▸ Assignment: The whole listing below must be printed again exactly, images excluded.

▸ Supplied material:
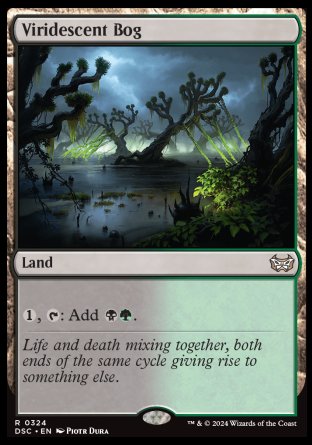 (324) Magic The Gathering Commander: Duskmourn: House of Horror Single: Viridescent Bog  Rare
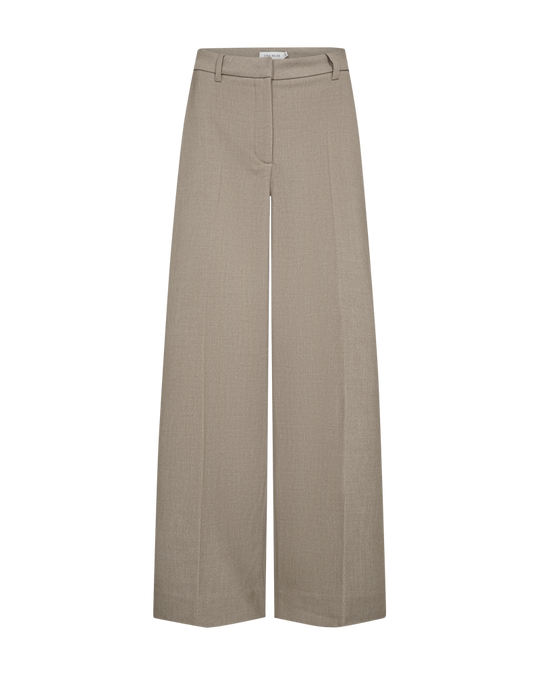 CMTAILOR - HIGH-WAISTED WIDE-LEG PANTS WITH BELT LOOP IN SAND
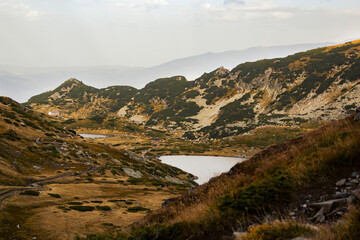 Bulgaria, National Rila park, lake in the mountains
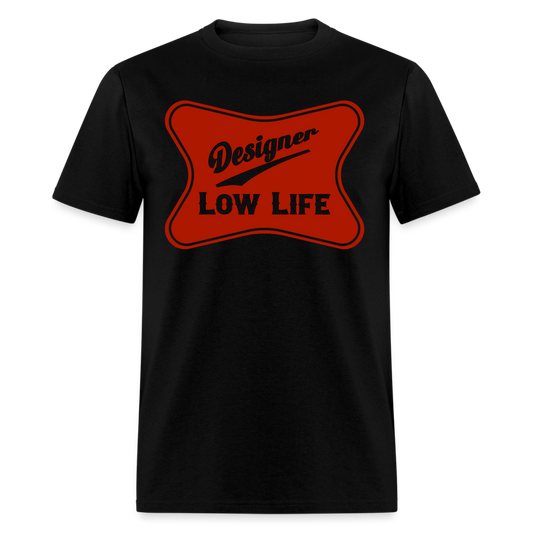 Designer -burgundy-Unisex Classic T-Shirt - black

▸ Solved exercise:
 (324) Magic The Gathering Commander: Duskmourn: House of Horror Single: Viridescent Bog  Rare
 CMTAILOR - HIGH-WAISTED WIDE-LEG PANTS WITH BELT LOOP IN SAND
 Bulgaria, National Rila park, lake in the mountains
 Designer -burgundy-Unisex Classic T-Shirt - black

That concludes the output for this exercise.